Managing Deep Learning Models

At SearchInk we are starting to see a big growth in the number of machine learning and deep learning models being generated. The reason for this is that we are running numerous experiments and simultaneously deploying certain models into production. At some point, we asked ourselves the following questions:

  • Which model should we deploy in production?
  • Where is the model stored?
  • Where are the parameters and evaluations of the model stored?

To answer these questions, we ideated on a solution we considered to be simple and scalable. Our thought process was as follows:

Fig 1: Thought process
  • We cannot store models in our git repositories as they are too large.

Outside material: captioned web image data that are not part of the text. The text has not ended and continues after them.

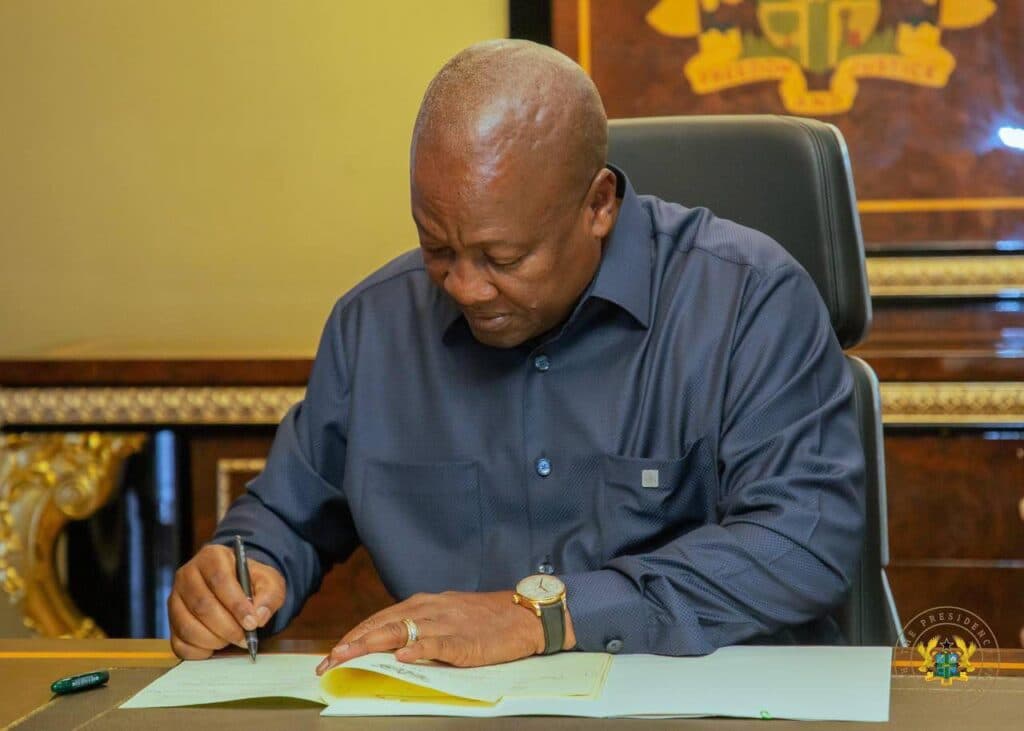 Mahama grants presidential pardon to 863 convicted persons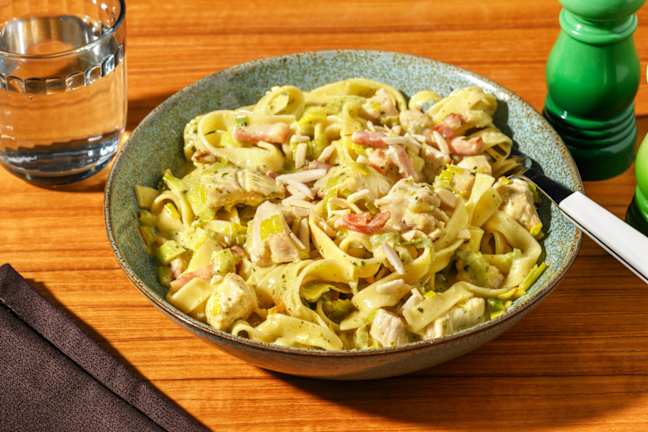 Speedy Pesto Chicken & Bacon Fettuccine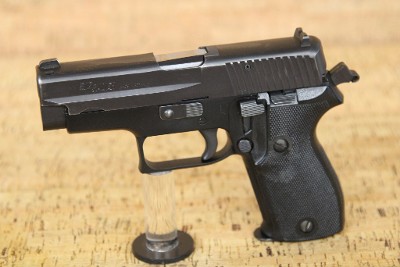 SIG SAUER P6 9MM LUGER (9x19 PARA) - Image 2 of 20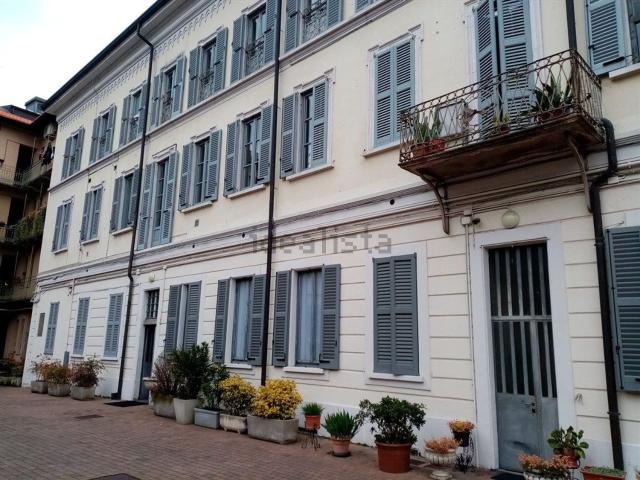 Appartamento in affitto a Centro, Monza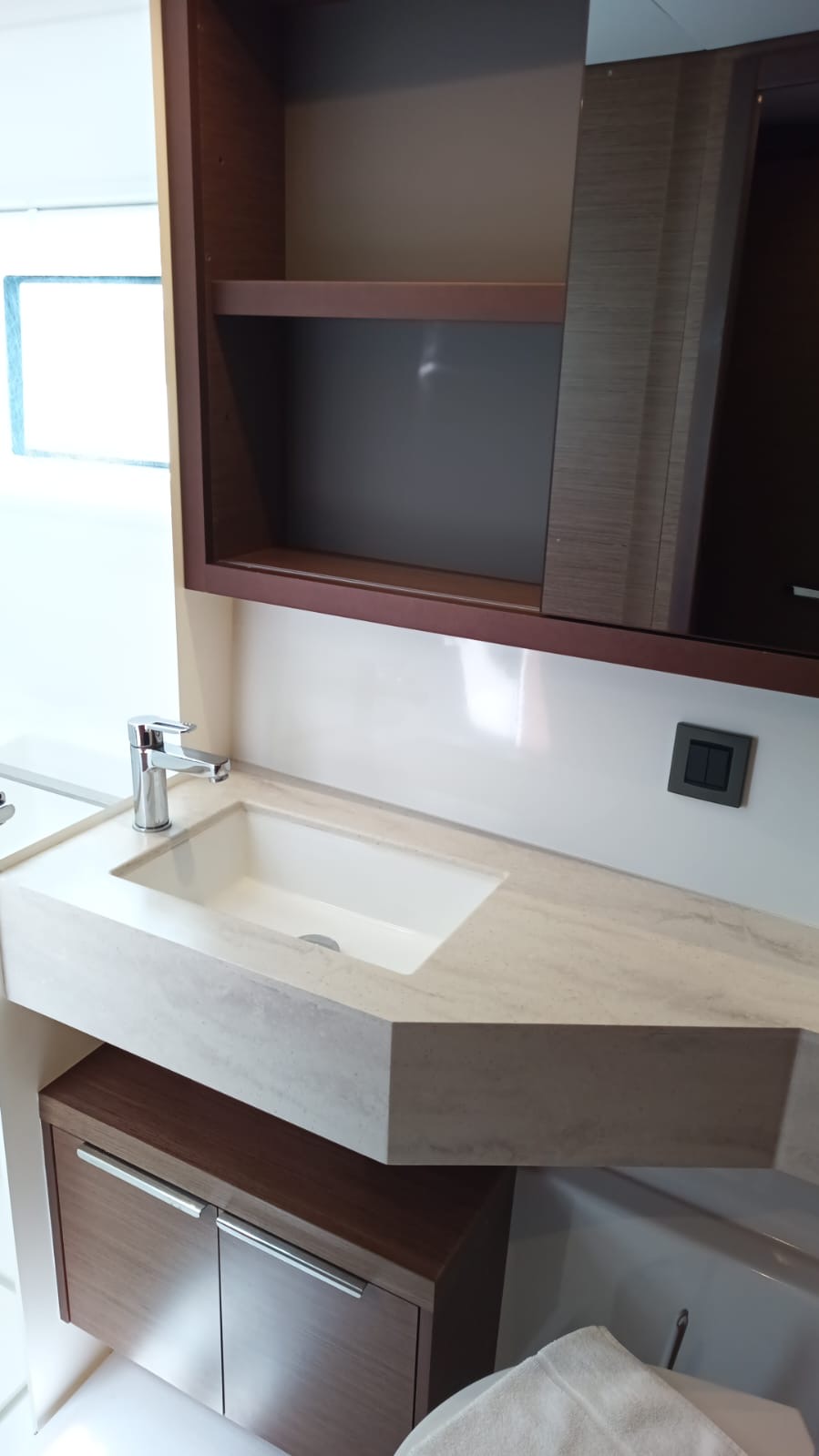 Lagoon 46 — photo 13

The better alternative is to store them in Cloud Storage Buckets. We are currently using Google Storage Buckets for the same. We select models from here for our deployments.
  • We also need to store the metadata associated to the model, such as, training/validation/test accuracy and loss, the dataset it was trained on, the hyper-parameters and other metrics like precision, recall, AUC ROC, to name but a few. We decided to store it on MongoDB.
  • The final part was having a simple dashboard that provides the overview for all the models.
Fig 2: Our first version of the dashboard

It is common to see the models in production that do not perform as well as previous models that were deployed. With this framework it is a breeze for us to switch to previous models.

In the forthcoming versions, we will be adding filters and various evaluation metrics to this dashboard, which will help us compare models and allow us to see the results generated by these models. This along with an admin console, where non-tech folks can manage models based on various criteria will give us a greater win. It will help in checking how the model performs on sample datasets which they can upload autonomously.